Friday, July 4, 2014


The news media really downplayed the Metrolink Blue Flu today.  That's usually a good sign.  It means the union is getting visible public support and the Ole Boy Network has made the proper phone calls to media station managers and senior editors.

Of course, it appeared that not nearly as many people attended Fare St. Louis in Forest Park than had been anticipated, and also that fewer Fare-goers used Metrolink than expected.

This did force them to lower that $30 parking price tag to $20.  Maybe that kept a lot of people away.  The local government, in keeping with the state and federal government, has been doing a fine job of making plain that constituents are just cash cows to be milked at every opportunity.  Land of the free indeed.

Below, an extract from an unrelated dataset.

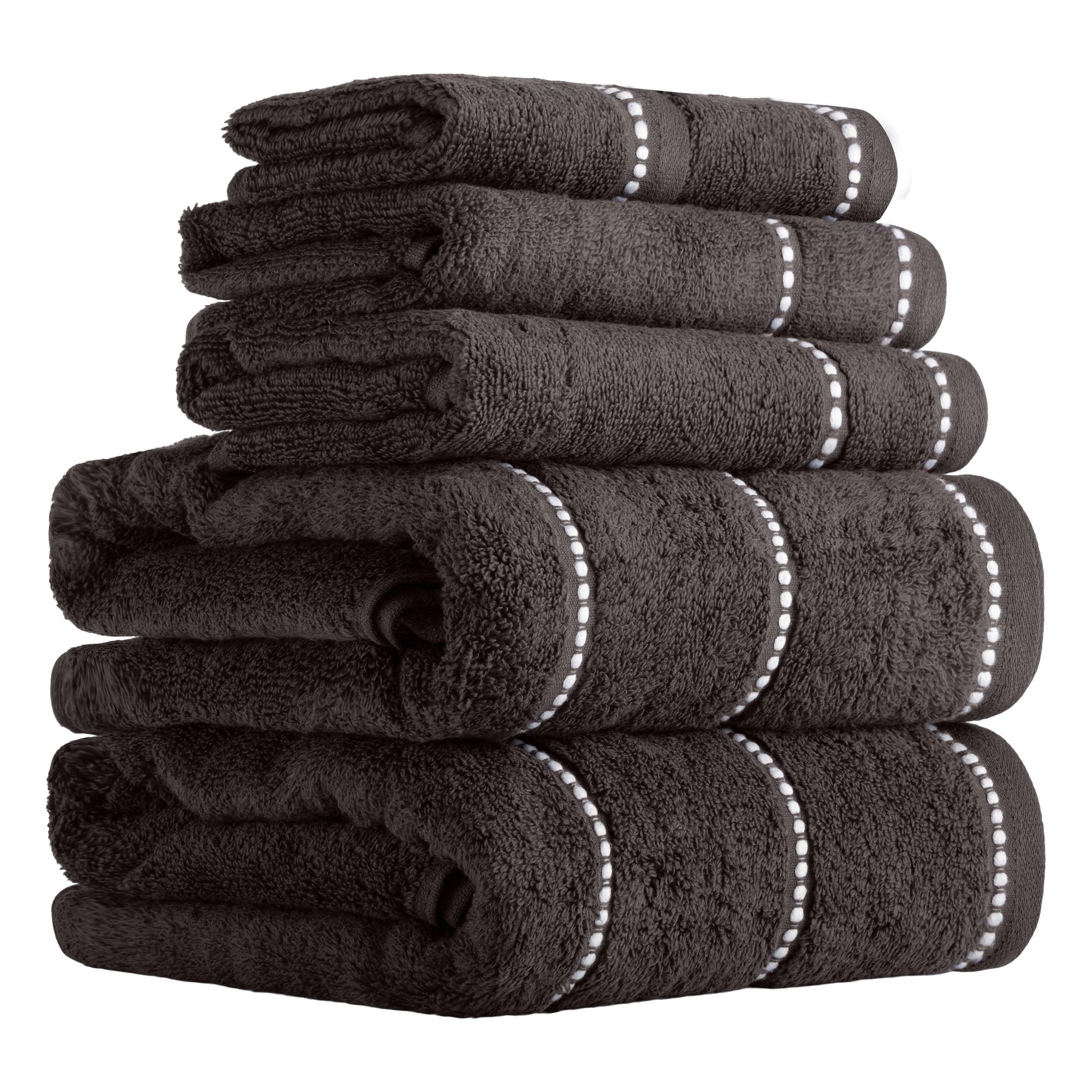 Lavish Home 6 Piece Bathroom Towels Set - 525GSM 100% Cotton Bathroom Essentials - 2 Bath Sheets, 2 Hand Towels, and 2 Wash Cloths for Bath, Shower, Gym, Spa, and Dorm Room (Charcoal)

You know, they could have made public transit free today.  Even if you don't ride it, you pay for it.  That would have been a true gesture of celebration and thanks.  And probably attracted a lot of new riders.

The city leaders are walking on eggshells right now.  The spike in violence and crime in the poorest areas of the city are always harbingers of larger problems, about to boil over.  The government is broke, but they won't raise taxes on corporations, or any of the other necessary changes.

One thing I found myself musing on, as I watched the parade on television, is how lackluster the parade seemed going through the park.  Not just the sparse attendance.  It just didn't strike the same response as seeing the same marching bands and floats glide down the streets of downtown.

Part of what makes a parade so exciting is the way it takes over and transforms the ordinary streets.  I wonder if Saint Louisans won't feel a emptiness, a need to fill the streets?

I think the city leaders, for their own sake, should have kept the parade downtown.  Parades, in times of strife, are "demonstrations by proxy".

The Metrolink operators deserve our support.  They are fighting for their union, their pensions, and their pay.  We should all join them in securing those things for ourselves.  We can start by calling Metro and telling them we support the drivers, and demanding they negotiate a new contract.

And we need to demand a few "Fare Free" days a year for the city.